• [Task objective]
Only the stretch of the listing below that runs from the line with "Arges Dolap 3" through the line with "Springfield Massachusetts City" is to be printed, exactly and with both ends.

• [Data records]
□ □ □ □

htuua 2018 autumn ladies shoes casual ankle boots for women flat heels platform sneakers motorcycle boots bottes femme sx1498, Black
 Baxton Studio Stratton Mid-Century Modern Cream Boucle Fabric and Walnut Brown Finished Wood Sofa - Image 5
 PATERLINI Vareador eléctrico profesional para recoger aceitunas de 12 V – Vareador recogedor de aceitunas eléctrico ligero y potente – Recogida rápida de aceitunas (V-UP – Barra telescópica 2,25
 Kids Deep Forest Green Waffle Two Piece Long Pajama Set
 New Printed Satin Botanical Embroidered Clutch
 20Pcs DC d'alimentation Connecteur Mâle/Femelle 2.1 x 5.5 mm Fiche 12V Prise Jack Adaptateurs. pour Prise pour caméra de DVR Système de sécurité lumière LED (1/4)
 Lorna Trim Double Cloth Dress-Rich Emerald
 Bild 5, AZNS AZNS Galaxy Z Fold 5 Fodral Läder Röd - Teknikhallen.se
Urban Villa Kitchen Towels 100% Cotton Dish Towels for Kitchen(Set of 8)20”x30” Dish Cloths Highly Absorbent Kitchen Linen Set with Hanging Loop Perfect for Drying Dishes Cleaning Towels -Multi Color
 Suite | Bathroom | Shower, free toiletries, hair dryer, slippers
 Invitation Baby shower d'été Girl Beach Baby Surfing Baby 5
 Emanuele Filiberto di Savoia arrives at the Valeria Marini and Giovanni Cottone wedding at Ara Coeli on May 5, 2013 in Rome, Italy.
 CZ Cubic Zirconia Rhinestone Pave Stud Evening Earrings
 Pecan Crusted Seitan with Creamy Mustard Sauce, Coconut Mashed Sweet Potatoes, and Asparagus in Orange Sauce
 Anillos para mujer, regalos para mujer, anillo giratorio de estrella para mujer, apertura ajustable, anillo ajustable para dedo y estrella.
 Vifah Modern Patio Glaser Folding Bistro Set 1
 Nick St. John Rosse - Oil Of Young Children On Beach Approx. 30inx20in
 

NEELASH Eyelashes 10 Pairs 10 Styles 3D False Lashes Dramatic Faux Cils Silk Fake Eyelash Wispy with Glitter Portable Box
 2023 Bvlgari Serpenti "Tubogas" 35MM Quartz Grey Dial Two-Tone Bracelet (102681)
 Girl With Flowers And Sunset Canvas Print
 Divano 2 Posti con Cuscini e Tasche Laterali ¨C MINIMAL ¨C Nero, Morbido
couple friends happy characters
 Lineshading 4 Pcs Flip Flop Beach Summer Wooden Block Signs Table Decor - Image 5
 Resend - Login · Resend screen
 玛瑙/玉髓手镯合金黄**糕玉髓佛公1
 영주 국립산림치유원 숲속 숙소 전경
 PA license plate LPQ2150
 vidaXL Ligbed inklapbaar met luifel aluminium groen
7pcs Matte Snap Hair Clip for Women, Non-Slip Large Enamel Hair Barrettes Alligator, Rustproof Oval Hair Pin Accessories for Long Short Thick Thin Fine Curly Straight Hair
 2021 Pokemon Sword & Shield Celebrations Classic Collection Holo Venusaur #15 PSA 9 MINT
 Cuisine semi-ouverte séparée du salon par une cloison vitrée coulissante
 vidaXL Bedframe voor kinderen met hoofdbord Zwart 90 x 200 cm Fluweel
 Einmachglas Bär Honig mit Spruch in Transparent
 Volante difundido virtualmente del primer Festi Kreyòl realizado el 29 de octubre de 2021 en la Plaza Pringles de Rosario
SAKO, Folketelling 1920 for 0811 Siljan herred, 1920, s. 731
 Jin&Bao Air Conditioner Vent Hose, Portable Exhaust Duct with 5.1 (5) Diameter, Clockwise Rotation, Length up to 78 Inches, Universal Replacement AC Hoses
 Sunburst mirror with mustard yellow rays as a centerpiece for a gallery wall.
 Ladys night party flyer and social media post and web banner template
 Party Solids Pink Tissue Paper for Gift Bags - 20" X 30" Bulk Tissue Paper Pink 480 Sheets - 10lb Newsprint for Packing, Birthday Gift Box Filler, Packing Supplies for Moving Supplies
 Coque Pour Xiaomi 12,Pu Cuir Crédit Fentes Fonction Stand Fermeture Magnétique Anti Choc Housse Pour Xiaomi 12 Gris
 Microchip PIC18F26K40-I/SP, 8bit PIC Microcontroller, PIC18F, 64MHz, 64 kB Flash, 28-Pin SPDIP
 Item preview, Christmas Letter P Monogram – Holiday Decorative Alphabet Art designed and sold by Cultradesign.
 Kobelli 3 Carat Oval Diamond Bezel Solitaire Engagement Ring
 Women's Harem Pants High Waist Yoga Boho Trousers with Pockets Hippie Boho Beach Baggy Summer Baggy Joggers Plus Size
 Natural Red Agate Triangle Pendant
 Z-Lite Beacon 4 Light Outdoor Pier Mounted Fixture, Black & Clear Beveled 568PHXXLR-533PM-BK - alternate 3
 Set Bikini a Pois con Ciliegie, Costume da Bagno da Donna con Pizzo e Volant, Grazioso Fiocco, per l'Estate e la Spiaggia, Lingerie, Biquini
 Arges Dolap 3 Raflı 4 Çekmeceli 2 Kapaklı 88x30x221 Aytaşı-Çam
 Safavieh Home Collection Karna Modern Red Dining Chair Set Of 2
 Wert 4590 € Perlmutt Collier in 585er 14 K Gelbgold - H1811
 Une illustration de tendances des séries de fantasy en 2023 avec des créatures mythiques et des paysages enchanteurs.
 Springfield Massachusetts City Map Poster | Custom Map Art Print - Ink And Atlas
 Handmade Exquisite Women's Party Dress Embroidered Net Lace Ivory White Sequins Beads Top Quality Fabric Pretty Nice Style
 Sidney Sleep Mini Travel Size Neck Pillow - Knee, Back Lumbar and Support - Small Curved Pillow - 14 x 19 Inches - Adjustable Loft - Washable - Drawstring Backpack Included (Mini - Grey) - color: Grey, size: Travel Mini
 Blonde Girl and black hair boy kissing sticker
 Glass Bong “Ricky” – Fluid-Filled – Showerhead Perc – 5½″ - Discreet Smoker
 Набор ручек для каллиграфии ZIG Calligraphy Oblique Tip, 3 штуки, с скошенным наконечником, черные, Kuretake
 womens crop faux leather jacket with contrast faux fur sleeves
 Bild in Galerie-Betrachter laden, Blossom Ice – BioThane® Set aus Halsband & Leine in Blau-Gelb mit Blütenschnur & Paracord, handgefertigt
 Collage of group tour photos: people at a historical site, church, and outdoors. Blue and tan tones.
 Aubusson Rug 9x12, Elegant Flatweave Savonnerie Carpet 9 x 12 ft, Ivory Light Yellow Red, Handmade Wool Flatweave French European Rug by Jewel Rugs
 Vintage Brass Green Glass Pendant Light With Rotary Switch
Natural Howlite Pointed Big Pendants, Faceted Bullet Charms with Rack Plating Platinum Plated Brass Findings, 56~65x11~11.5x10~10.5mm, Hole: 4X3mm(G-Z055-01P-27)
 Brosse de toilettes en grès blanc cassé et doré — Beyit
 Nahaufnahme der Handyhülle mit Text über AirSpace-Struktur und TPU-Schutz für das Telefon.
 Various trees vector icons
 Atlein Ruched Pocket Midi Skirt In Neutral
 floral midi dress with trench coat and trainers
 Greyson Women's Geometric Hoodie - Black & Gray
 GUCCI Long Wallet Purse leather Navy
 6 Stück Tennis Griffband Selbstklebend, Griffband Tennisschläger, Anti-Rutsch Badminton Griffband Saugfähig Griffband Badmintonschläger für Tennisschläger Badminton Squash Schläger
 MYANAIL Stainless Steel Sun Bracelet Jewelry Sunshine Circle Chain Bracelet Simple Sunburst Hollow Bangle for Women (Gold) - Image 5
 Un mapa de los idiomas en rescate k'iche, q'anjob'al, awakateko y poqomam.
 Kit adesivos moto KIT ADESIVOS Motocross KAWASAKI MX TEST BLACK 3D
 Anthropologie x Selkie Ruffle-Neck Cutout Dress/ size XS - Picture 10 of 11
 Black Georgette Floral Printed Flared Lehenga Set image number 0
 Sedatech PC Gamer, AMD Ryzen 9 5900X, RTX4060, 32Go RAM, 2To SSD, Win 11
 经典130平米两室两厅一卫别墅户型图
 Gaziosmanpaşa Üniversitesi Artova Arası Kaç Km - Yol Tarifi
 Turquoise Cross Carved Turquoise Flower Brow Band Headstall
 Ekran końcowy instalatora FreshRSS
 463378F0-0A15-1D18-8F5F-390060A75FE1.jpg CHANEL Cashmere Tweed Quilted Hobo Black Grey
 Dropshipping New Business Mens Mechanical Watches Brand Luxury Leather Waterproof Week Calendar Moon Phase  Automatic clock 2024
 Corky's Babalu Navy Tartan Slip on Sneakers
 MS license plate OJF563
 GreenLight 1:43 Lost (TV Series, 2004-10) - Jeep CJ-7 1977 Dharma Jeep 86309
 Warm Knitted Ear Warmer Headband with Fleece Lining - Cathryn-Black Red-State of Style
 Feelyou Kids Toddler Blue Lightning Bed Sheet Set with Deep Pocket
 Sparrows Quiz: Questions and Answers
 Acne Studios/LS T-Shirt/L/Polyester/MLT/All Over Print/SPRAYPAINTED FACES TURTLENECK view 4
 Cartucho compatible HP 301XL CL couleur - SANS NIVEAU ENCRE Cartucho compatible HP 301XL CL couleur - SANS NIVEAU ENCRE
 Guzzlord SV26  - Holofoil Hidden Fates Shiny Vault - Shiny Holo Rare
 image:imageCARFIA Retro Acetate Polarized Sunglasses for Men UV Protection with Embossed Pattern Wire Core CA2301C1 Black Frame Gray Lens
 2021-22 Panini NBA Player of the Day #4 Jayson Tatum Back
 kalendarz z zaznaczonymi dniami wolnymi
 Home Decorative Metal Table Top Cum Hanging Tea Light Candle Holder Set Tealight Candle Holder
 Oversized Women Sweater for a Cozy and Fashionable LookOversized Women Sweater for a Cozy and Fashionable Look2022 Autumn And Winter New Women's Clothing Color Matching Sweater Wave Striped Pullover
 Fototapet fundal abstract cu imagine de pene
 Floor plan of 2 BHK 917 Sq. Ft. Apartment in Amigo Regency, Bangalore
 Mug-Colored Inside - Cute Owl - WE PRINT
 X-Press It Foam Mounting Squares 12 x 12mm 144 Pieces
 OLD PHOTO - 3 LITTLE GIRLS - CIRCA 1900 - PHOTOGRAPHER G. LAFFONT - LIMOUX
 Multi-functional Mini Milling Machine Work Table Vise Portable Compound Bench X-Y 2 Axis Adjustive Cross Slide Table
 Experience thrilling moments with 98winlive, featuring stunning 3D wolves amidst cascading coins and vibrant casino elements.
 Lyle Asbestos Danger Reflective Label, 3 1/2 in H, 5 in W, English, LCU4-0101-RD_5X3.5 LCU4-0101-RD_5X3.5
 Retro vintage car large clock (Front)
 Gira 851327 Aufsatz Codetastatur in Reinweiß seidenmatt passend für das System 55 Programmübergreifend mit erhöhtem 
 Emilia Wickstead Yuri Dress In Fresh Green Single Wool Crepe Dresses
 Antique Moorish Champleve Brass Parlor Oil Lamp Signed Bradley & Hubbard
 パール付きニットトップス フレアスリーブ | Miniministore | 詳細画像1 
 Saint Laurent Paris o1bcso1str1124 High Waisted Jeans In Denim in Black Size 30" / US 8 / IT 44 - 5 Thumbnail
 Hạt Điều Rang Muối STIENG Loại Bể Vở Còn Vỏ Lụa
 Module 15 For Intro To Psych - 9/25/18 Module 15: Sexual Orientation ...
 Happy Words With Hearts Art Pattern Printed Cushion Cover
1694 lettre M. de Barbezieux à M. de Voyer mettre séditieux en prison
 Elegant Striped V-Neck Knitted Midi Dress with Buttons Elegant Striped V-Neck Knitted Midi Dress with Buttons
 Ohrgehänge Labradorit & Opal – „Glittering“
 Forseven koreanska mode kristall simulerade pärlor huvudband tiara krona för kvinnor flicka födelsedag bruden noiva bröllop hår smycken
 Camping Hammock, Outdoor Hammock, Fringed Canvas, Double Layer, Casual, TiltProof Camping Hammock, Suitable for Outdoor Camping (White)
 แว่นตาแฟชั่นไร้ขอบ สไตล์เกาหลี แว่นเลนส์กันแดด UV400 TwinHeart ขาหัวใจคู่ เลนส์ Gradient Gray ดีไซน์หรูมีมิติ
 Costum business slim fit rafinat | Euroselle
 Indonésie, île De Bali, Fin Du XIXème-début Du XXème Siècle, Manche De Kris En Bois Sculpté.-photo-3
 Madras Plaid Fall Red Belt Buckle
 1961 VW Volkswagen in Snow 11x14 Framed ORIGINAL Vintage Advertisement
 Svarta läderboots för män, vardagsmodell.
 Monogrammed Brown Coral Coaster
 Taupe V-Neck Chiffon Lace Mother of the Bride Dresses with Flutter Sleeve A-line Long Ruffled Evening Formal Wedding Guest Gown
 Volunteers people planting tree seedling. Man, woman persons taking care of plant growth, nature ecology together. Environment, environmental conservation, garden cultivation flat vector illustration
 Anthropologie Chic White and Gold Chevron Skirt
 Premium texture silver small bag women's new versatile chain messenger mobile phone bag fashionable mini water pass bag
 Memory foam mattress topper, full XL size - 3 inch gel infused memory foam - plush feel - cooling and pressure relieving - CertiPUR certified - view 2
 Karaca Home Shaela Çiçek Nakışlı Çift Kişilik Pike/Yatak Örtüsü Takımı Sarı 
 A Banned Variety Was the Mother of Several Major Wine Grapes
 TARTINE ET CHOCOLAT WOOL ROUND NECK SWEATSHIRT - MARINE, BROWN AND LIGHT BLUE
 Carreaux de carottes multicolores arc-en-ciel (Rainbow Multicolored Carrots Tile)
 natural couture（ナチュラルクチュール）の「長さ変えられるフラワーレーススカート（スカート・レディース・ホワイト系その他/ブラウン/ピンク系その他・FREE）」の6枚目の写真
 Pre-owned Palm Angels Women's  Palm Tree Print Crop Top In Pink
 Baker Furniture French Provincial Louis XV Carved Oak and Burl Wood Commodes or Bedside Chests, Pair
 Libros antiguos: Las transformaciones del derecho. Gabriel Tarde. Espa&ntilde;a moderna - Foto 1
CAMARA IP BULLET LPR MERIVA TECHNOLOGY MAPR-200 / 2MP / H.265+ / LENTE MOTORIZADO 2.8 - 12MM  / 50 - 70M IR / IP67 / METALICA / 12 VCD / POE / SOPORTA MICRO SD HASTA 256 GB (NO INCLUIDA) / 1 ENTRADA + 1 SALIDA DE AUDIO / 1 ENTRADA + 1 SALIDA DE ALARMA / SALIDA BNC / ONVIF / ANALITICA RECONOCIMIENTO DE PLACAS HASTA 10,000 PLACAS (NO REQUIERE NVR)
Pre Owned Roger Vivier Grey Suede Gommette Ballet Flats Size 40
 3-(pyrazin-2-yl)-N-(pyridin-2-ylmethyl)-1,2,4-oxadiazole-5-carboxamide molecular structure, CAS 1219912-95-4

□ □ □ □

• [Solution for this task]
 Arges Dolap 3 Raflı 4 Çekmeceli 2 Kapaklı 88x30x221 Aytaşı-Çam
 Safavieh Home Collection Karna Modern Red Dining Chair Set Of 2
 Wert 4590 € Perlmutt Collier in 585er 14 K Gelbgold - H1811
 Une illustration de tendances des séries de fantasy en 2023 avec des créatures mythiques et des paysages enchanteurs.
 Springfield Massachusetts City Map Poster | Custom Map Art Print - Ink And Atlas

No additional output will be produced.